Integration efforts are facilitated when leadership sets the tone, message, and pace of those efforts.

Integration efforts are facilitated when initiatives define an end state and are implemented deliberately.

Integration efforts are facilitated when incentives are used to attract individuals to cross-component assignments (e.g., command opportunities, geographic location, and financial incentives).

Several factors also inhibit efforts to enhance cross-component integration

Circumstances that inhibit cross-component integration include cultural differences across the components; statutory and funding constraints; lack of recognition or reward for serving in cross-component assignments; prescriptive and rigid career development paths that inhibit cross-component talent management strategies; lack of formal evaluation, limiting the ability to demonstrate benefits; and failures or errors in implementation.

When looking across the experiences of U.S. civilian agencies, the private sector, and foreign militaries, several crosscutting lessons can be drawn

Fostering integration requires a shift in culture and leadership buy-in.

Required rotations can improve retention and facilitate a holistic understanding of enterprise operations.

Integration is often easier with more-junior employees.

Financial incentives are not always the most compelling.

Recommendations

To facilitate deeper active and reserve component integration, senior Department of Defense (DoD) and service leadership should first decide whether integration is a priority. If so, top service leadership should clarify the purpose of integration and establish goals and benchmarks for furthering integration.

The services should undertake a review of current assignment and promotion policies and determine how these will change. This includes identifying positions for cross-component assignments, determining the number and grade levels of assignees, implementing a program of incentives as needed, and altering promotion policies and practices to reward cross-component service.

DoD should continue to make progress on structural changes such as addressing legal and regulatory barriers to integration and implementing system changes that could facilitate component integration.

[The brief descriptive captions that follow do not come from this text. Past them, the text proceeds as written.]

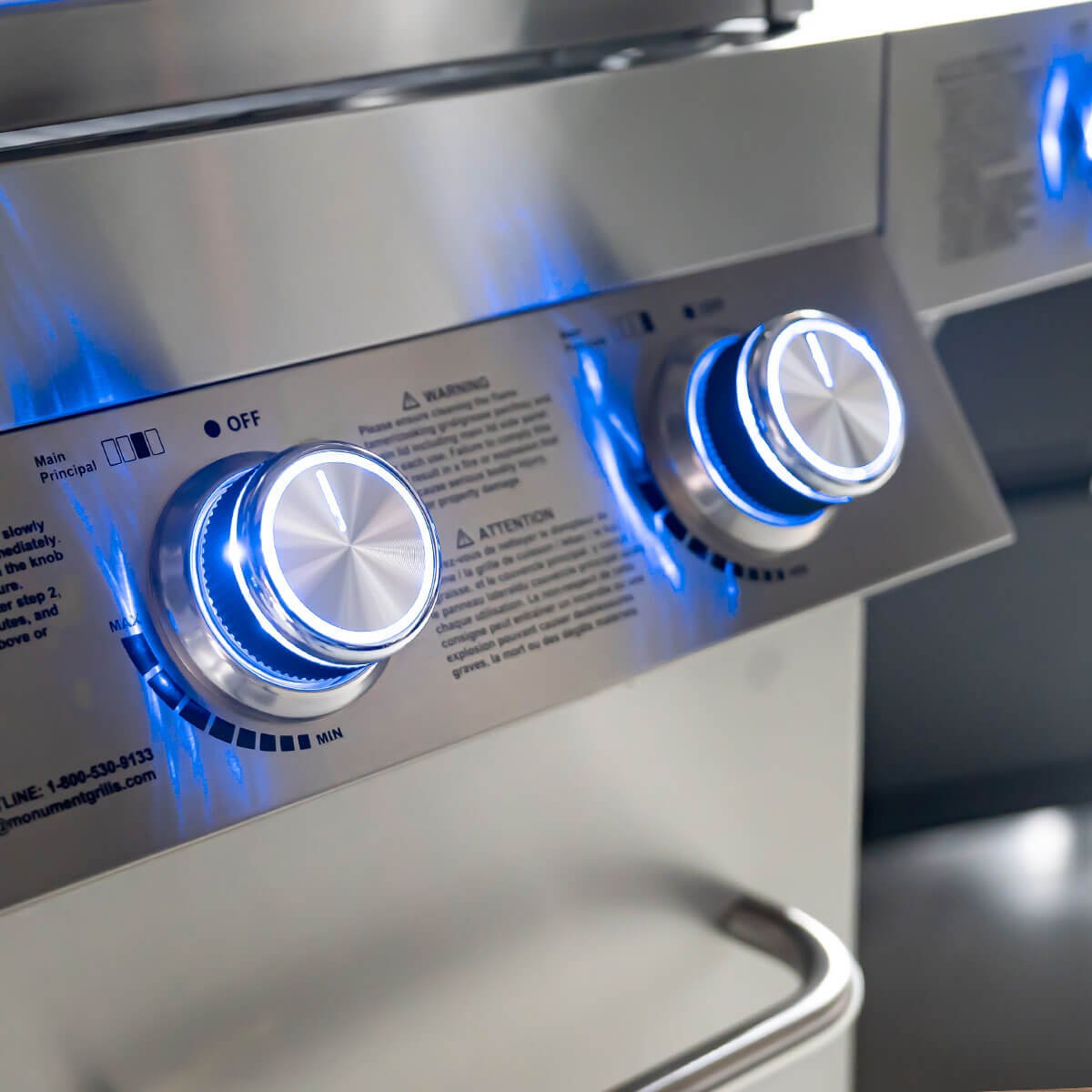 Monument Grills Stainless Infrared Propane Gas Grill 72,000 BTU 4-Burner Sear Grill – SKU 24367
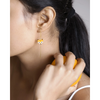 Jenni & Janki Handcrafted Miyuki Fox Earrings Pet Parent-Jewellery & Accessories Jenni and Janki Dropship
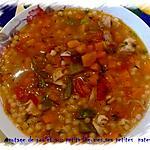 recette potage de poulet aux petits légumes,ses petites pates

Such actions would set the foundation for any further efforts to integrate the active and reserve components and to achieve the development of a stronger total force culture.

Additionally, overarching steps that the services and DoD could take to facilitate implementation of any efforts to deepen integration include defining the purpose of such integration efforts, fostering a shift in culture and leadership buy-in, tailoring integration efforts to unique service force structure and reserve component competencies, and evaluating integration initiatives.